DIRECTIONS FOR THIS TASK: Leaving the pictures aside, transcribe every line below exactly.

=== INPUT RECORDS ===

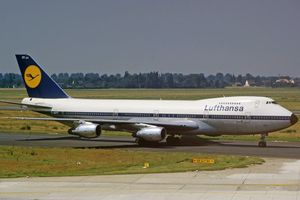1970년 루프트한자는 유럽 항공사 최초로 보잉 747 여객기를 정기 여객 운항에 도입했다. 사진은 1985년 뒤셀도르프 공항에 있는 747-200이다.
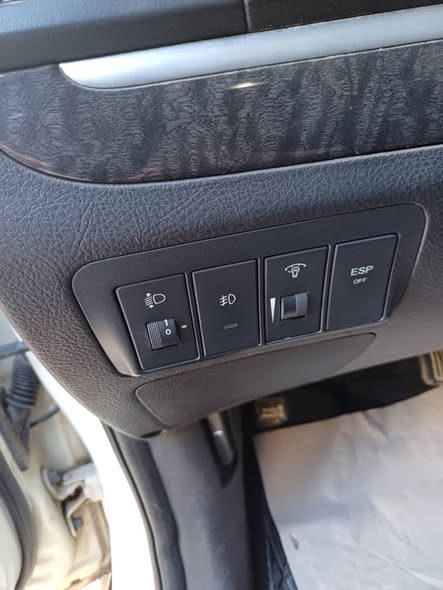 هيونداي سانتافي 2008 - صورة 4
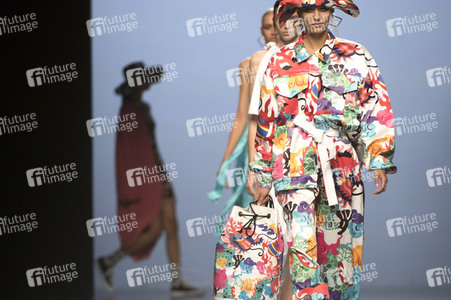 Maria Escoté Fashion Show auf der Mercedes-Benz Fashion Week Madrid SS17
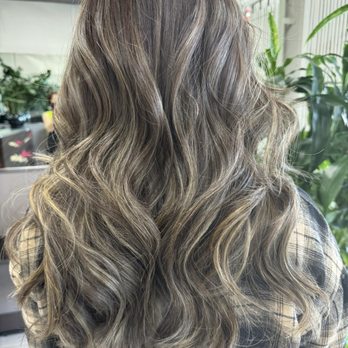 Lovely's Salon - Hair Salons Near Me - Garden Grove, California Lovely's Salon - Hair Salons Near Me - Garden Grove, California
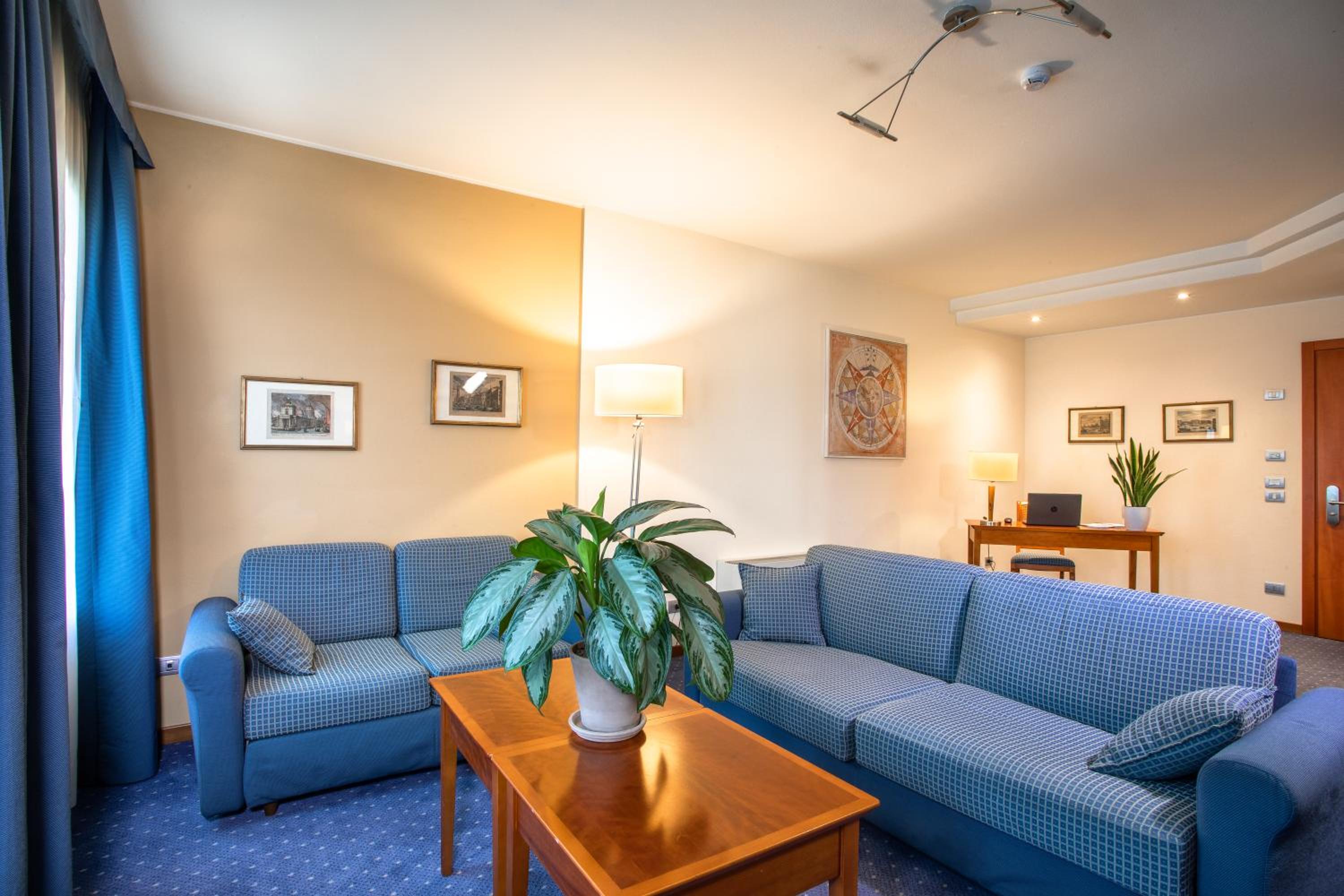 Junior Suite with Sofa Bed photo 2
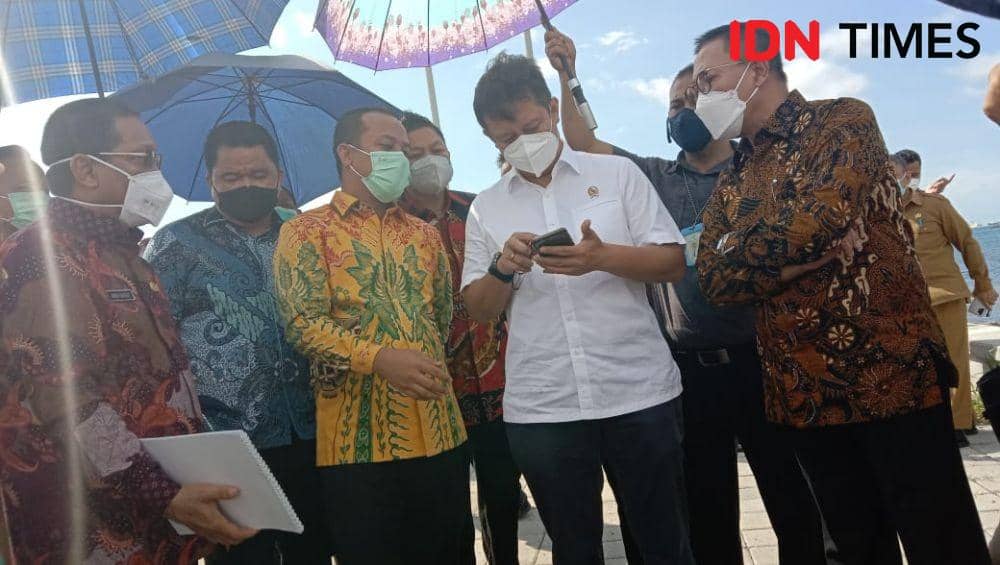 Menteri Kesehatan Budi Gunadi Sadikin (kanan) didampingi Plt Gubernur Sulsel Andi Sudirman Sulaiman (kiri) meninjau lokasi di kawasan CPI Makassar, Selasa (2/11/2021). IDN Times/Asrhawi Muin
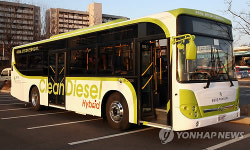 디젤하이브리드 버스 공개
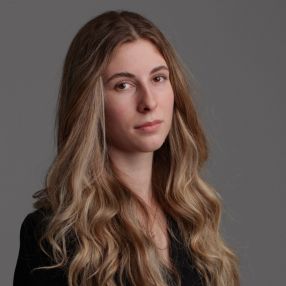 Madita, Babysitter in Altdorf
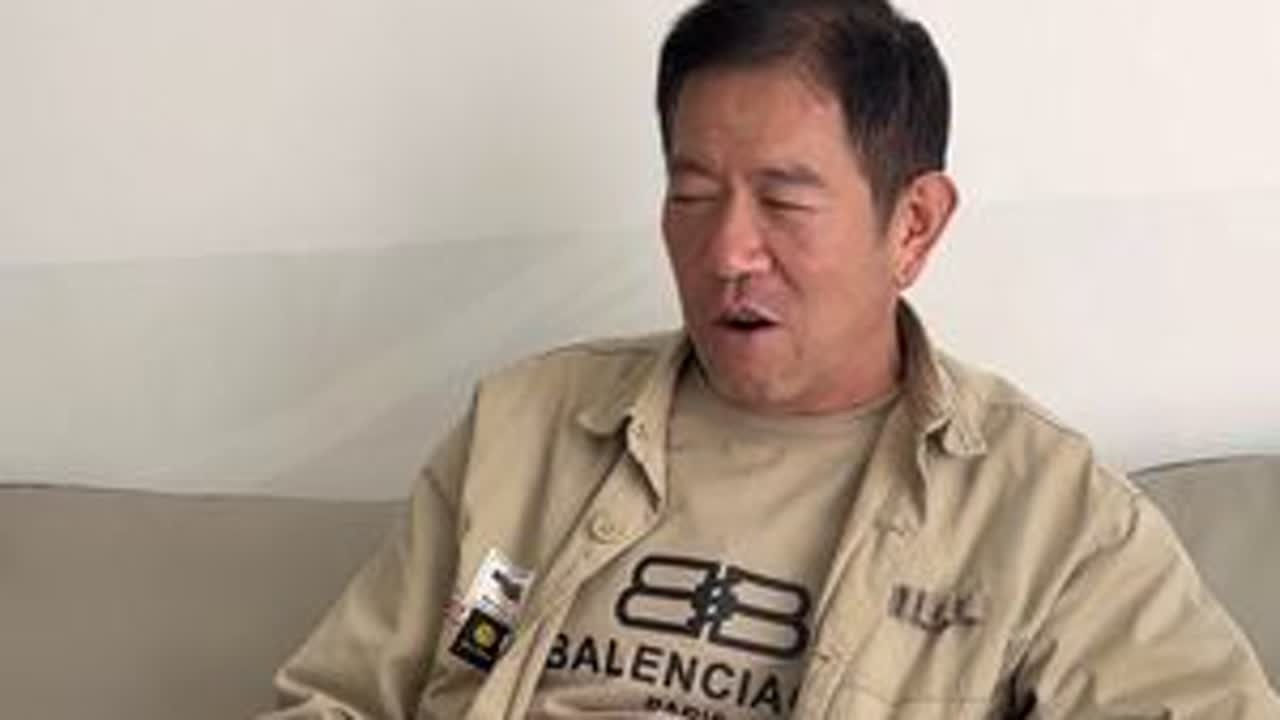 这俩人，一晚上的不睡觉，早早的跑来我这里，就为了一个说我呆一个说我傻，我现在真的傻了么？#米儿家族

===

RESULT FOR THIS TASK:
1970년 루프트한자는 유럽 항공사 최초로 보잉 747 여객기를 정기 여객 운항에 도입했다. 사진은 1985년 뒤셀도르프 공항에 있는 747-200이다.
 هيونداي سانتافي 2008 - صورة 4
 Maria Escoté Fashion Show auf der Mercedes-Benz Fashion Week Madrid SS17
 Lovely's Salon - Hair Salons Near Me - Garden Grove, California Lovely's Salon - Hair Salons Near Me - Garden Grove, California
 Junior Suite with Sofa Bed photo 2
 Menteri Kesehatan Budi Gunadi Sadikin (kanan) didampingi Plt Gubernur Sulsel Andi Sudirman Sulaiman (kiri) meninjau lokasi di kawasan CPI Makassar, Selasa (2/11/2021). IDN Times/Asrhawi Muin
 디젤하이브리드 버스 공개
 Madita, Babysitter in Altdorf
 这俩人，一晚上的不睡觉，早早的跑来我这里，就为了一个说我呆一个说我傻，我现在真的傻了么？#米儿家族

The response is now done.